*** Supplied data ***

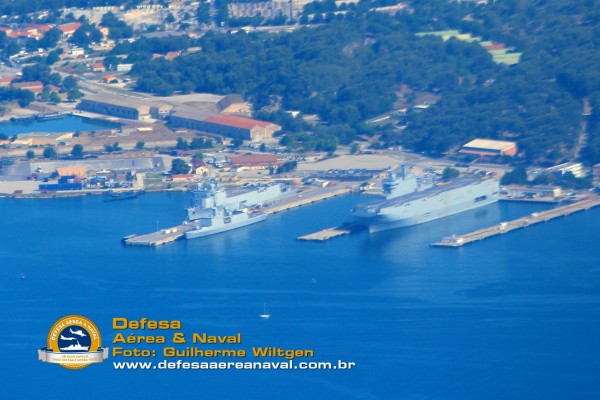 Imagem aérea do TCD Siroco atracado na Base Naval de Toulon.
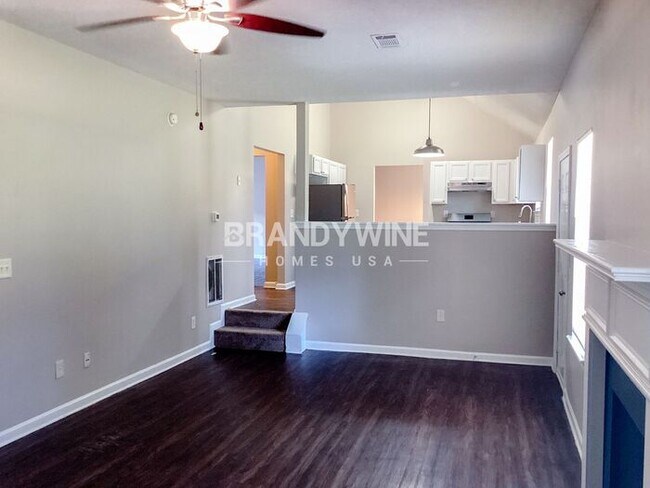 Building Photo - 6348 Stonebridge Creek Ln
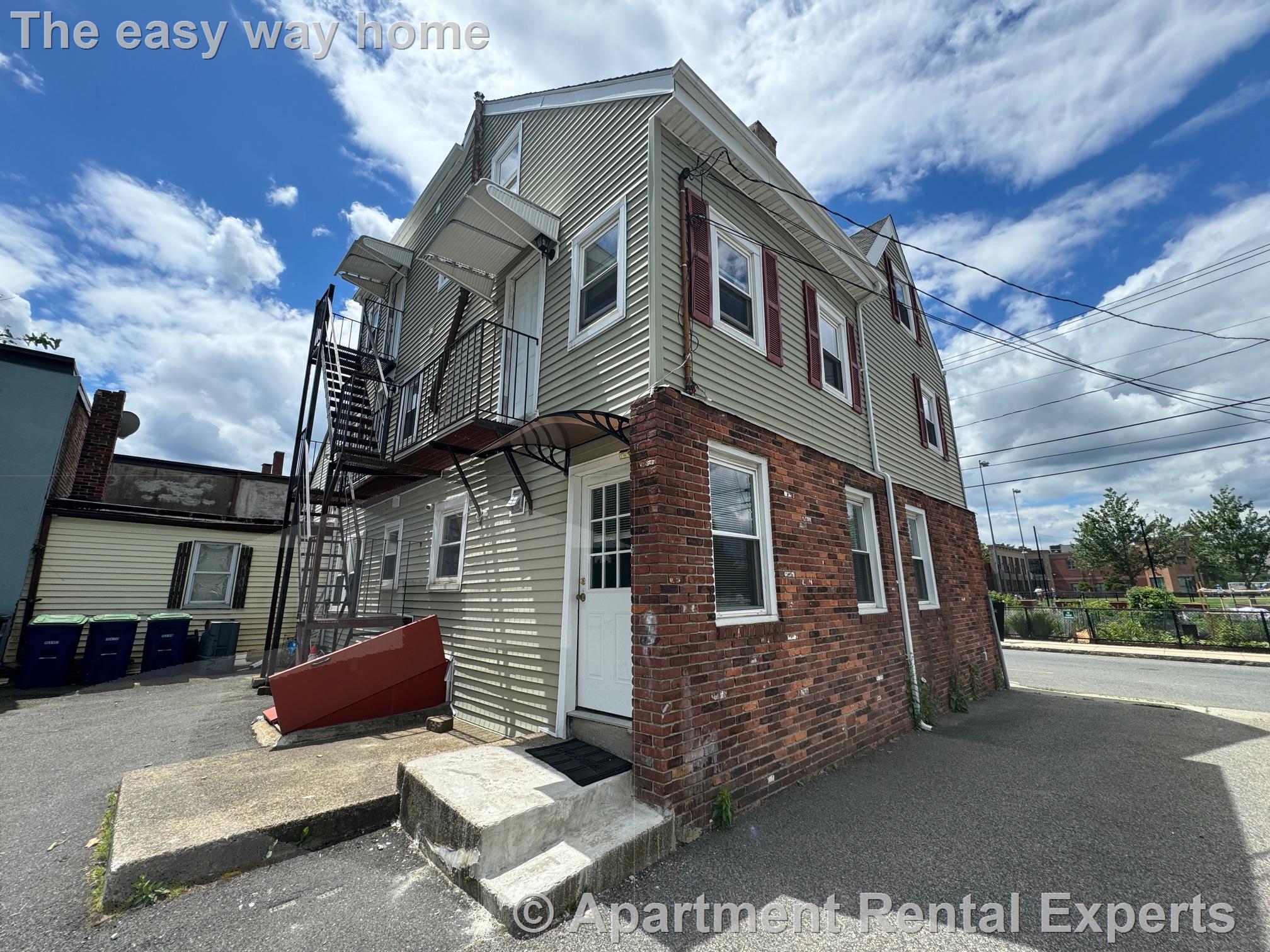 74 Franklin St, Sullivan Square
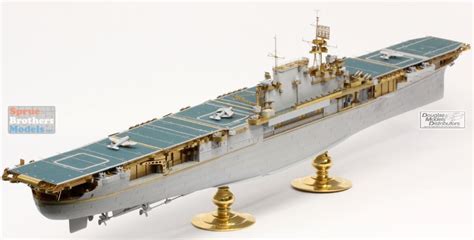 Model Kits Merit 1/350 65302 USS Aircraft Carrier Enterprise CV-6 1942 Toys & Games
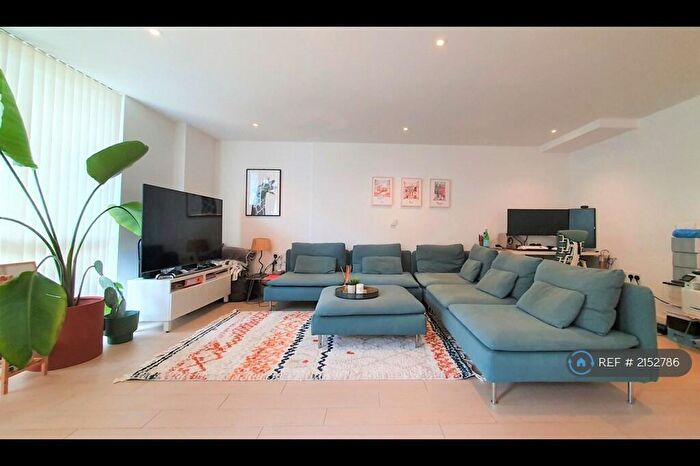 2 Bedroom Flat To Rent In Packington Square, London, N1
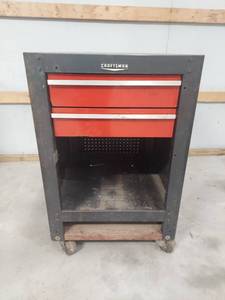 lot 1181 image: Craftsman Rolling Tool Cabinet with Drawers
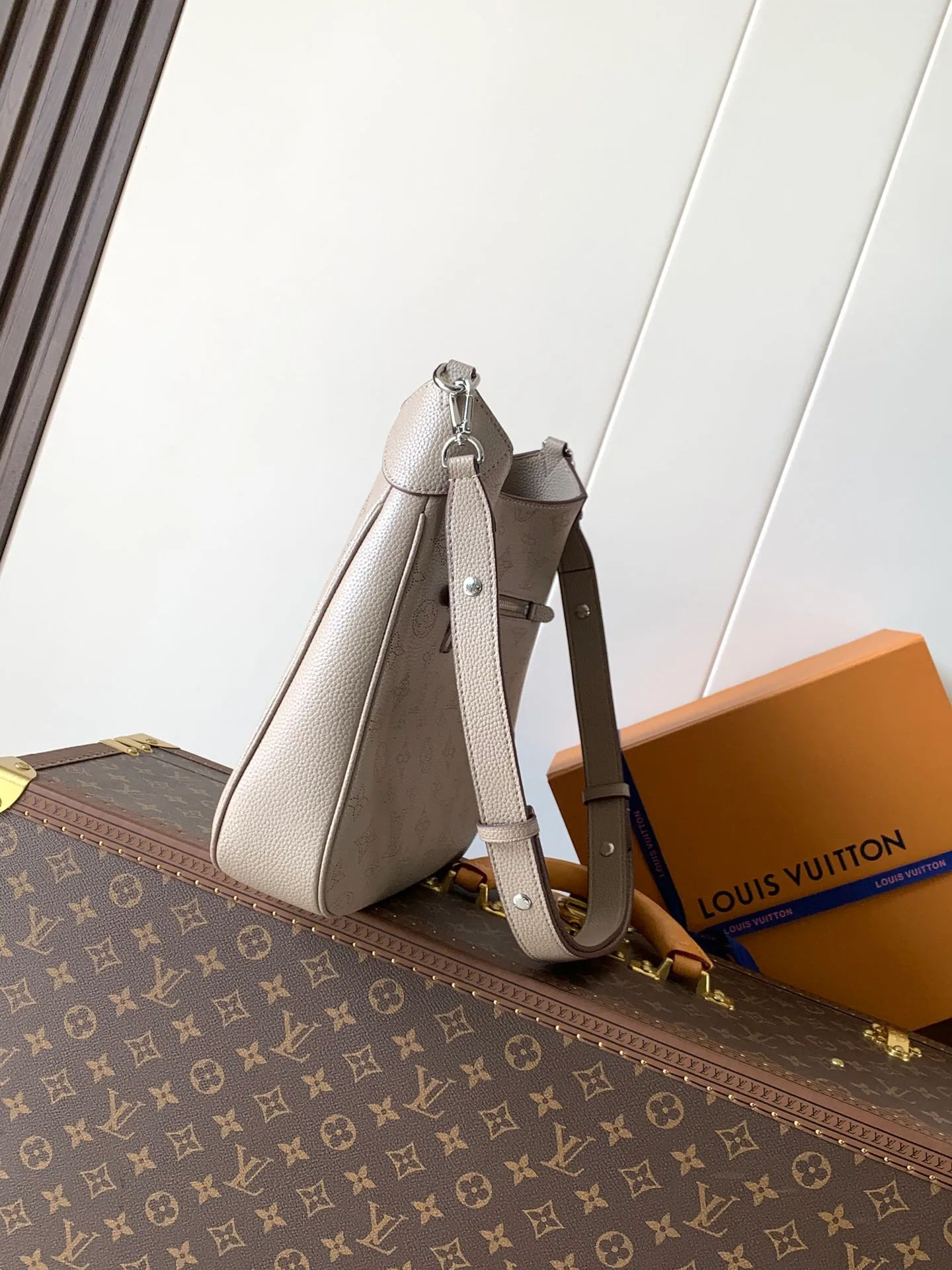All Categories Official Website "Brand Women's Bags" Women's Bags 💙 LV 2026 New LV Crossbody Bag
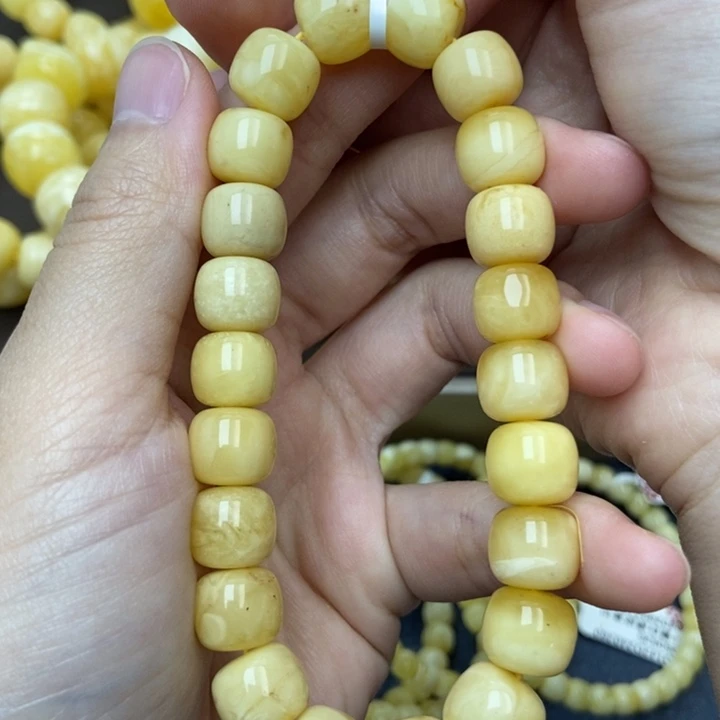 琥珀未镶嵌珠宝奇石78
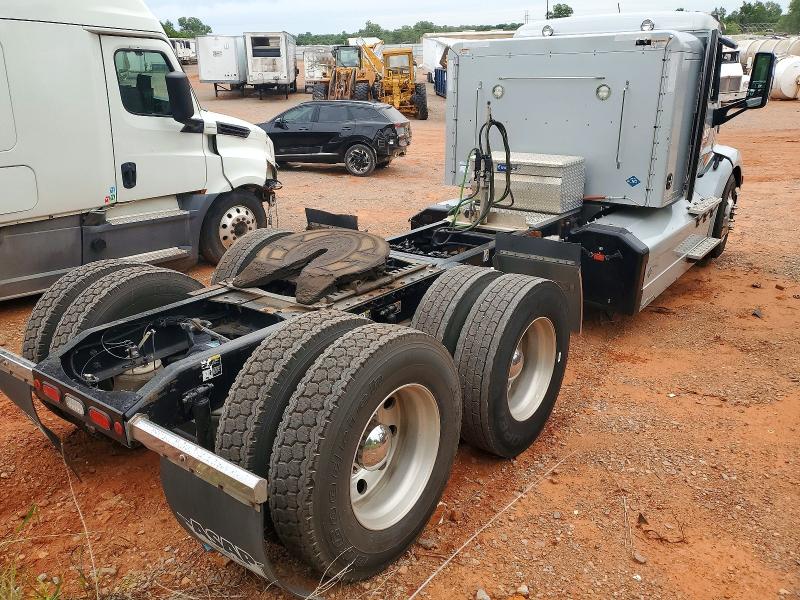 2018 Peterbilt 579 VIN 1NPBDH9X2JD493968 COPART salvage auction — MINOR DENT/SCRATCHES, OK - CERTIFICATE OF TITLE, sold $4,600 on 2026-07-09 (photo 4)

***

What is expected — Return the line containing "琥珀未镶嵌珠宝奇石78" and every line after it through the end of the records above, exactly and nothing else, but not the pictures.

Response to the exercise —
 琥珀未镶嵌珠宝奇石78
 2018 Peterbilt 579 VIN 1NPBDH9X2JD493968 COPART salvage auction — MINOR DENT/SCRATCHES, OK - CERTIFICATE OF TITLE, sold $4,600 on 2026-07-09 (photo 4)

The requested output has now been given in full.